Am Mittwoch wurde Andrew in den Buckingham-Palast zur Audienz mit der Queen gerufen und von ihr zum Abgang gezwungen. Immerhin durfte er seine Erklärung selbst schreiben: Ihm sei klar geworden, dass der Wirbel um seine Person "zu einer schwerwiegenden Störung der Arbeit meiner Familie" geworden sei. Deshalb wolle er "von meinen öffentlichen Verpflichtungen für die absehbare Zukunft zurücktreten".

So unausweichlich sich der Abtritt des Prinzen abgezeichnet hatte, so schockiert waren Verfassungsexperten, als er schließlich eintrat. Ein monumentales Ereignis, kommentierte Robert Lacey: "So etwas ist in der langen Herrschaft der Queen noch nie eingetreten." Einen solch dramatischen Abgang eines hochrangigen Royals habe es seit der Abdankung von Edward VIII. im Jahre 1936 nicht gegeben, pflichtete Professorin Judith Rowbotham bei.
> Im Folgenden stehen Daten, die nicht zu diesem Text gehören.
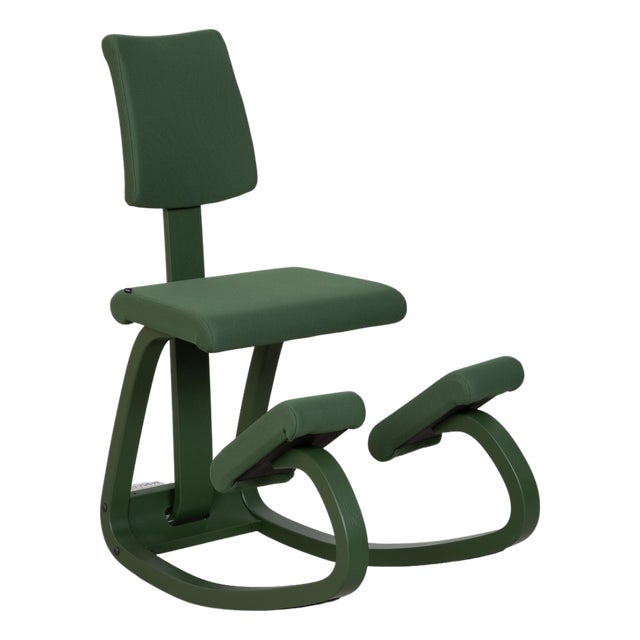 Variable Plus Monochrome Kneeling Chair in Wooden and Green Fabric from Varier For Sale
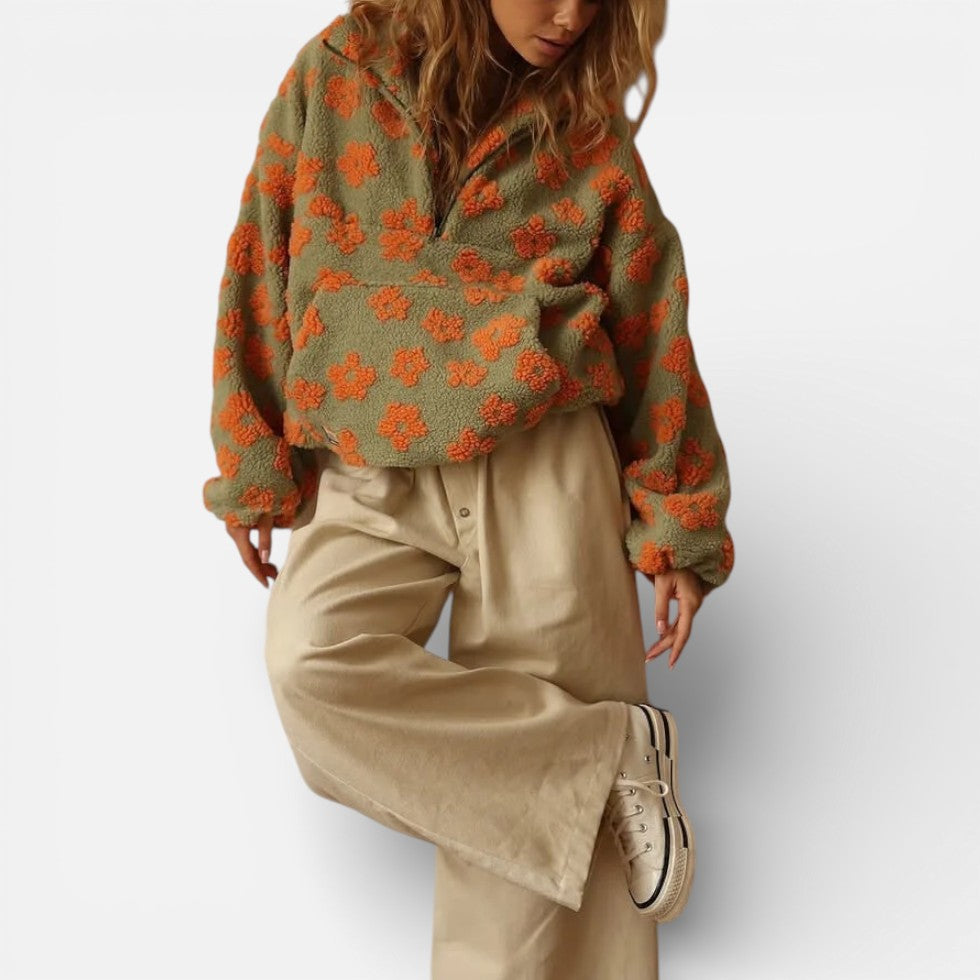 Damen Fleece Pullover mit Blumenmuster und Reissverschluss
Tatsächlich schrammte die britische Monarchie um Haaresbreite an einer ausgewachsenen Krise vorbei. Die wachsende Empörung über Andrew hätte die Institution selbst beschädigen können.

"Annus horribilis"

Sein Abgang bedeutet aber nicht, dass es mit den Problemen des Königshauses vorbei wäre. Vor 27 Jahren hatte der Herzog von York mit seiner Scheidung von Sarah Ferguson schon einmal eine Krise ausgelöst. Die Queen nannte daraufhin 1992 ihr "annus horribilis". Seitdem hat es kein so schlechtes Jahr für die Windsors gegeben wie das jetzige. Es fing mit dem Verkehrsunfall ihres Gatten Prinz Philip an, bei dem wie durch ein Wunder niemand ernsthaft verletzt wurde. Ein angeblicher Zickenkrieg zwischen Kate und Meghan mobilisierte den Boulevard ebenso wie der vorgebliche Bruderzwist ihrer Ehemänner, Prinz William und Prinz Harry. Es gab Kritik an den Renovierungskosten der Residenz von Harry und Meghan. Sie gerieten ebenfalls in die Schusslinie, als herauskam, wie oft sie Flugreisen mit Privatjets unternehmen, obwohl sie den Klimaschutz predigen. Kurzum: Es lief ganz und gar nicht gut in der "Firma", wie sich das Königshaus gerne selbst nennt.

<<< Lesen Sie dazu auch in der Kategorie Mensch: Prinz Andrew als royaler Rücktrittskandidat, von Valerie Hader. [OÖNplus] 

Zuchtmeister Prinz Philip fehlt

Das Problem: Die Führung stimmt nicht mehr. Prinz Philip (97) hat sich von seinen öffentlichen Aufgaben zurückgezogen. Er hatte früher die Rolle des Zuchtmeisters übernommen, der für Ordnung sorgt, und er fehlt jetzt. Auch Sir Christopher Geidt, der Privatsekretär der Queen, ist nicht mehr im Dienst. Er sei, befand Royal-Experte A. N. Wilson, "der Beste, den sie jemals hatte", der "den Laden geschmissen habe", aber er wurde in einem Machtkampf 2018 hinausgedrängt. Die Queen hat zwar nun gegenüber Andrew ein Machtwort gesprochen, aber es ist bezeichnend, dass sie es überhaupt so weit hat kommen lassen. Der Prinz hatte das TV-Interview in einem Saal des Buckingham-Palastes gegeben und dafür extra die Erlaubnis der Königin einholen müssen. Elizabeth II. hätte das Interview verhindern können.

Prinz Andrew stößt das Königshaus in die Krise
Nächste Generation: die Prinzen Harry und William mit Gattinnen Meghan und Kate

Das Problem ist auch: Die hochrangigen Royals werden immer älter, und die jüngeren wie William und Harry sind noch nicht reif genug. Gerade in solch unsicheren Zeiten wie jetzt, wo der Brexit vor der Tür steht und die Nation zerrissener denn je ist, bräuchte es eine sichere Hand. Früher war die Monarchie immer die einigende Klammer der vier Nationen des Königreichs gewesen. Zwar ist sie immer noch angesehen, und republikanische Tendenzen haben zu Lebzeiten von Elizabeth II. keine Chance. Aber es kommen Sorgen auf, was passieren wird, wenn sie einmal nicht mehr da ist.